April 2021 Interview

April 2021 Interview Synopsis

A defining characteristic of Chief Justice Mogoeng Mogoeng’s time as chairperson of the Judicial Service Commission (JSC) has been the leeway allowed politicians on the body to air their political grievances against judges who have found against them, or their close associates through questions which either seek to go beyond, or behind-the-scenes, of the judgment itself.

This is often, and unfairly, to the detriment to the quality of the interview.

Gauteng High Court Judge Keoagile Elias Matojane’s interview was one such case.

First, ANC member of the National Council of Provinces Kenneth Mmoiemang, asked Matojane about his finding in a 2015 judgment which had declared the suspension of Shadrack Sibiya, the Gauteng head of the Directorate of Priority Crimes Investigations, commonly known as the Hawks, to be illegal.

At the time, Sibiya’s suspension, the removal of his boss at national level, Anwar Dramat, and the suspension of other Hawks members for the alleged illegal rendition of Zimbabwe nationals to that country’s police as part of a bigger manipulation of the criminal justice system to favour then-president Jacob Zuma and his kleptocratic cronies.

Matojane said he had based his findings on “what legal arguments were presented before me” and that the SCA had agreed with his findings when it went on appeal.

The judgment would have further repercussions in the internecine political power battles within the ANC and for appointments within the Hawks where Zuma’s henchman Berning Ntelemeza had, for a period, replaced Dramat (who was considered independent-minded), Mmoiemang pointed out.

Matojane gave this line of questioning short shrift: “I wasn’t called upon to adjudicate a political issue.
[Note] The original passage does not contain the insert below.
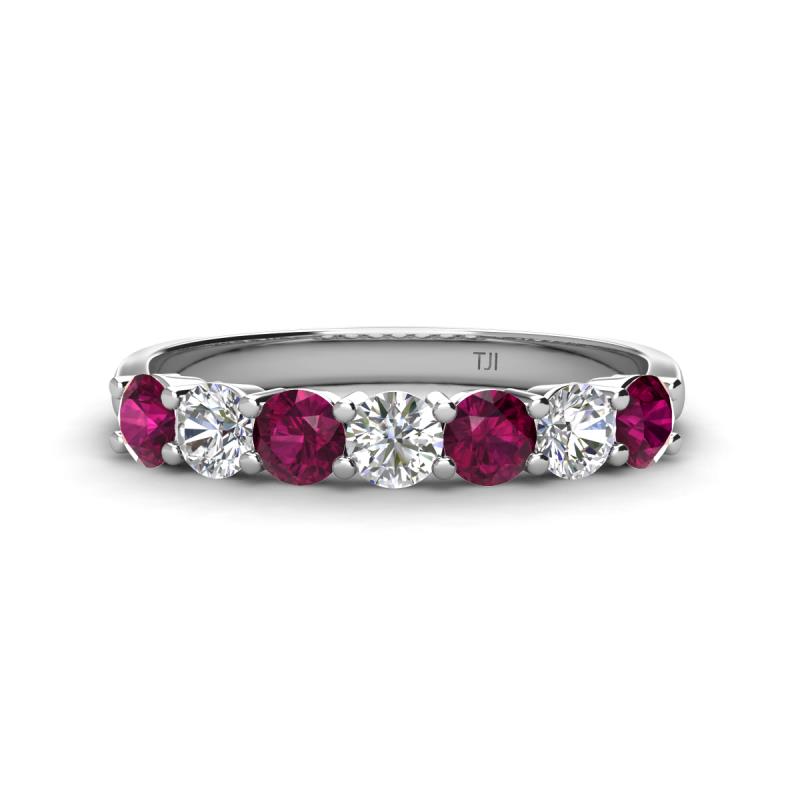 Kathleen 3.40 mm Round Rhodolite Garnet and Diamond 7 Stone Wedding Band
I was called upon to adjudicate on the facts before me,” he told the commission.

Later on Julius Malema, leader of the Economic Freedom Fighters (EFF), asked Matojane how he had reached the quantum of R500 000-00 for damages that the EFF had to pay former finance minister Trevor Manuel in a defamation case.

On appeal the SCA had upheld Matojane’s findings regarding the defamation of Manuel, whom the EFF had, on their twitter feed accused of being nepotistic and corrupt.

Finding that the high court’s decision on defamation and unlawfulness was “well founded”, the SCA, however, upheld the appeal against the quantum of damages and retraction and apology, and ordered that the determination of damages be referred to oral evidence. In the 2020 judgment, the SCA found that the reasoning of the high court on the quantum of damages had been “sparse, with little attention paid to how best to determine the extent of reputational loss.”

Matojane deftly told Malema that, being mindful of his own ruling and the SCA’s judgment, he “cannot second-guess the matter”: “I have said what I had to say [in my judgment]. I am constrained [by it].”

Needless to say Matojane, like many judges who have ruled against powerful politicians or their interests in cases of political law-fare, was not recommended for appointment by the JSC.